Your task:
Pull every line with "para" from the data below and copy it.

= = = = = = =

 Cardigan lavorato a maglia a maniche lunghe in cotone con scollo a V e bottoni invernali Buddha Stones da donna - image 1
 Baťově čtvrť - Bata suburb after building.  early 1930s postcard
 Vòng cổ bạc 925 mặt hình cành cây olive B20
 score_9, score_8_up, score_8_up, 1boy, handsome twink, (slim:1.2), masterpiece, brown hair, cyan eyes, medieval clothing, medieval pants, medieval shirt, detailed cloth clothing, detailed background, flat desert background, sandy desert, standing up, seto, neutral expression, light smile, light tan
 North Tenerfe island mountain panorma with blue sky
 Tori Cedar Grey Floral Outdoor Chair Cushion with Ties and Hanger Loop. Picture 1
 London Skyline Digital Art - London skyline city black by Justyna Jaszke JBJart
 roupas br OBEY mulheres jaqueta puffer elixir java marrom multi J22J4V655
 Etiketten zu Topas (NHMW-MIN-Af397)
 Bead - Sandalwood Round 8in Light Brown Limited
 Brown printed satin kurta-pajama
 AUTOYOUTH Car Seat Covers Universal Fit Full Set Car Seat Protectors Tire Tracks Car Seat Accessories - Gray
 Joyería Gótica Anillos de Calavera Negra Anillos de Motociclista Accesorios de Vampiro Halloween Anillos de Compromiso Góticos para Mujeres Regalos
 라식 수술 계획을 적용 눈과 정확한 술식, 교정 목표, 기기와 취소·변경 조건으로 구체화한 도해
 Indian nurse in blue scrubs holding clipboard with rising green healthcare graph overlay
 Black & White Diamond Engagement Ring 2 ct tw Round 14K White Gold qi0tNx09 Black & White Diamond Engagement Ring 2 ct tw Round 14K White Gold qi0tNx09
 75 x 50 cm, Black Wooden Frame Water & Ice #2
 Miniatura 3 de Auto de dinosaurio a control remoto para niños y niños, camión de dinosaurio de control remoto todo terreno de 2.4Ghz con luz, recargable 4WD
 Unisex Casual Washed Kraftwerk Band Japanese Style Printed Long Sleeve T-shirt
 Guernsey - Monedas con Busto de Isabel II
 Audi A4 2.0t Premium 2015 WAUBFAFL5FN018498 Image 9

= = = = = = =

The completed task:
 Joyería Gótica Anillos de Calavera Negra Anillos de Motociclista Accesorios de Vampiro Halloween Anillos de Compromiso Góticos para Mujeres Regalos
 Miniatura 3 de Auto de dinosaurio a control remoto para niños y niños, camión de dinosaurio de control remoto todo terreno de 2.4Ghz con luz, recargable 4WD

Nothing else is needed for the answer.